_WORK REQUEST_
Go to the line containing "werkenntdenBESTEN.de Qualitätssiegel" below; retype it and all following lines exactly, and leave out the pictures.

Caption-style text data
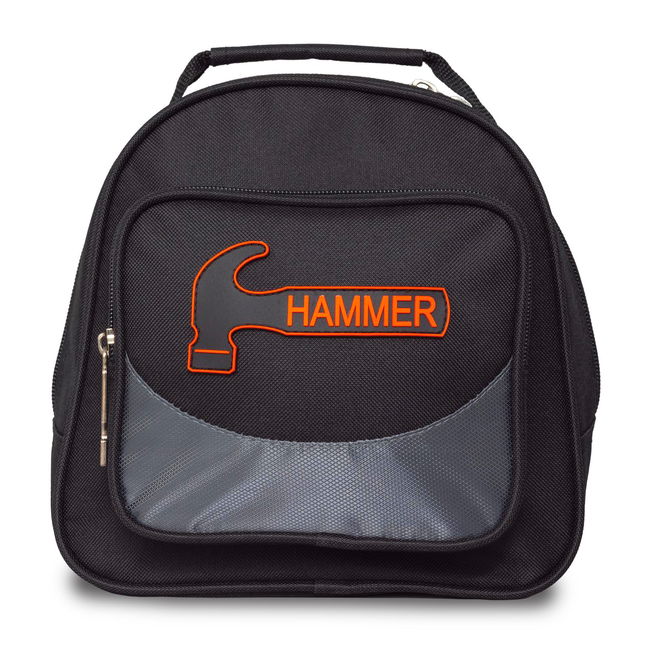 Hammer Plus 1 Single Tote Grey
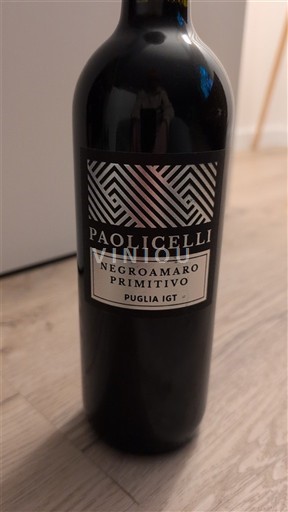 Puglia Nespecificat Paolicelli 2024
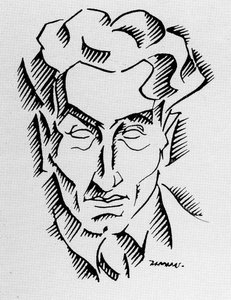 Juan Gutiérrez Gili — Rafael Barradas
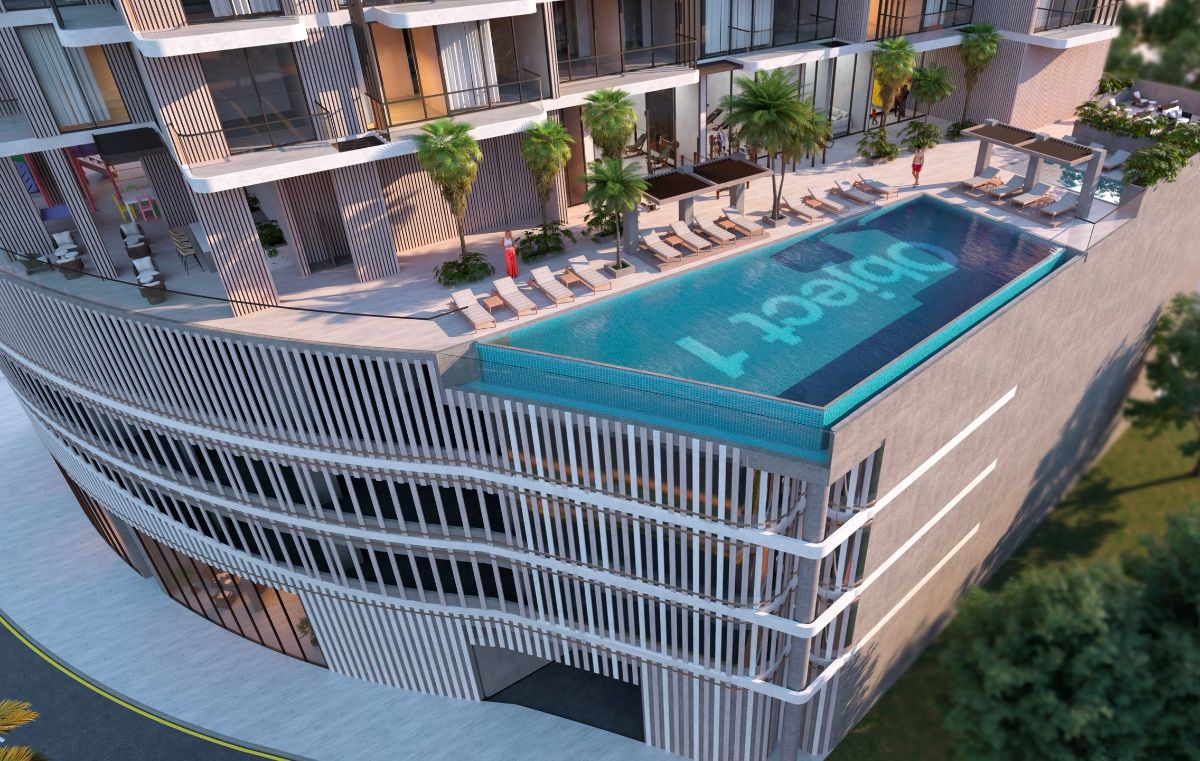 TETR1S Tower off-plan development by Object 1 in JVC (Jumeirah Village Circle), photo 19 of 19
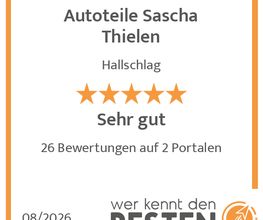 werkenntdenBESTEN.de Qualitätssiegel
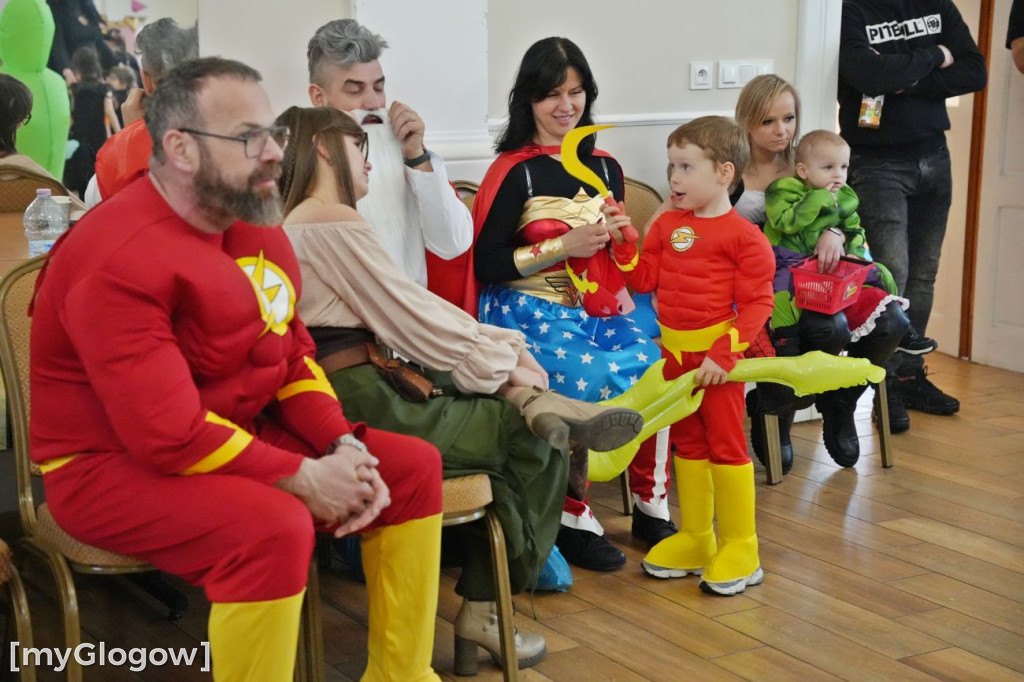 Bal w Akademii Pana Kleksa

_SOLUTION TO THE PROBLEM_
 werkenntdenBESTEN.de Qualitätssiegel
 Bal w Akademii Pana Kleksa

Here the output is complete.